→ **Try it**
Could you set down exactly the lines of the data below, starting at the one that holds "战神3全流程通关技巧与隐藏要素详解指南挑战与BOSS打法解析" and ending at the one that holds "GEOMETRY Standard Ix 5. QUADRILATERALS", both included, and only those?

[Saved entries]
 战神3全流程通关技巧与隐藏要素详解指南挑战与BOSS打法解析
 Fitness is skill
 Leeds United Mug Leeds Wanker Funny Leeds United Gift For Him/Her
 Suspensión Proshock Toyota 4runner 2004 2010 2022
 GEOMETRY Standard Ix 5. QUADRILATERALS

==

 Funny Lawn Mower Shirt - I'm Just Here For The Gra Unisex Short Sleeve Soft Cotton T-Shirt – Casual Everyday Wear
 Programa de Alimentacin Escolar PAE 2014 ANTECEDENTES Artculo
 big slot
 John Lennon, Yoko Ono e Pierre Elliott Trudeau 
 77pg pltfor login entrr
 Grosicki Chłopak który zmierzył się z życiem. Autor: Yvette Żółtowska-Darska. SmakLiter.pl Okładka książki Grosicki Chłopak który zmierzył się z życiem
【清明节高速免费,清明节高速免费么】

* * *

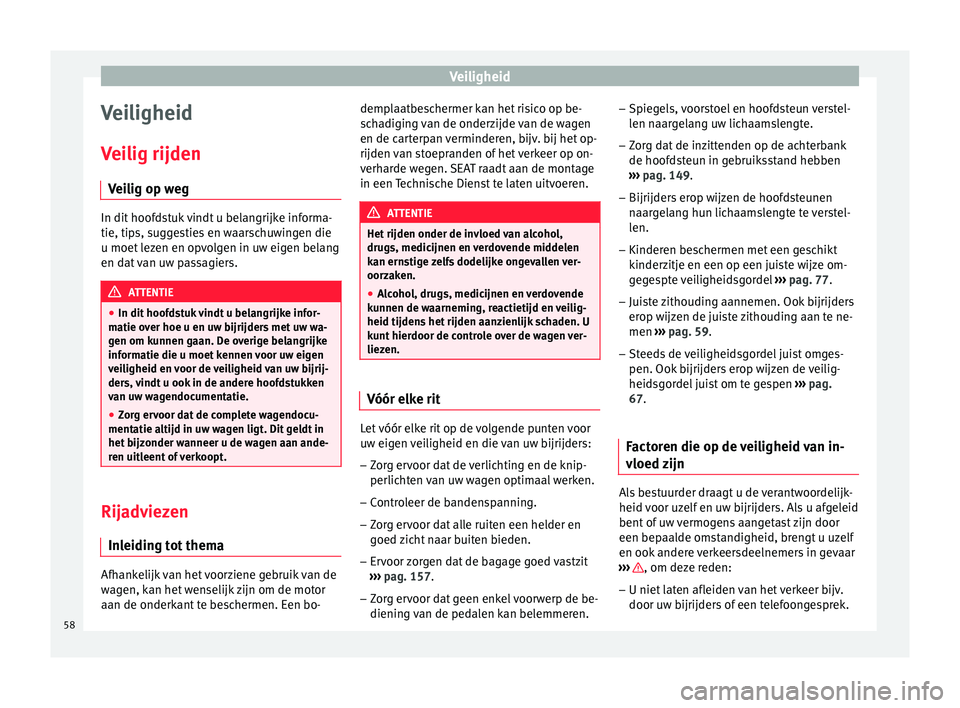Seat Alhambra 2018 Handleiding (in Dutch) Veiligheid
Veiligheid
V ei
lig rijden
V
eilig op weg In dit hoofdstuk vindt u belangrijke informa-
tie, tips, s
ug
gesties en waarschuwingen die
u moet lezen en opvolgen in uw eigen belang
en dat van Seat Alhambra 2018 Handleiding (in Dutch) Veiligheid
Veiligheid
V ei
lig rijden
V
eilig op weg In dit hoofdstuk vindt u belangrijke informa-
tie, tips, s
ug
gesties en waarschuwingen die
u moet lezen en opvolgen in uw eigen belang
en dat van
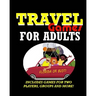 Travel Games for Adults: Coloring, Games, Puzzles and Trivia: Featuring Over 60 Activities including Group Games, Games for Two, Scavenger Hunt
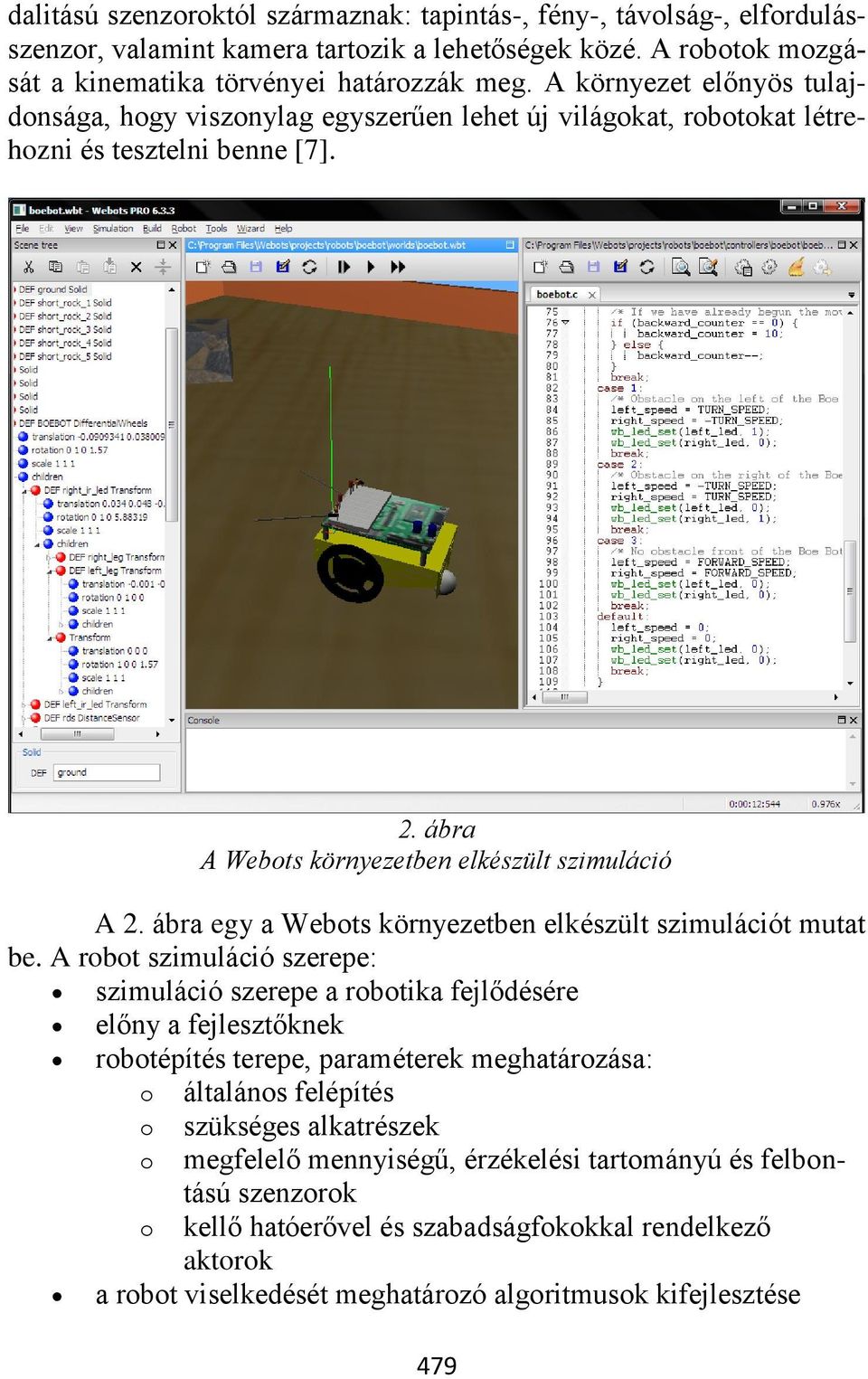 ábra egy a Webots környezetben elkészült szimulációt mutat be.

→ **Solution to the exercise**
 战神3全流程通关技巧与隐藏要素详解指南挑战与BOSS打法解析
 Fitness is skill
 Leeds United Mug Leeds Wanker Funny Leeds United Gift For Him/Her
 Suspensión Proshock Toyota 4runner 2004 2010 2022
 GEOMETRY Standard Ix 5. QUADRILATERALS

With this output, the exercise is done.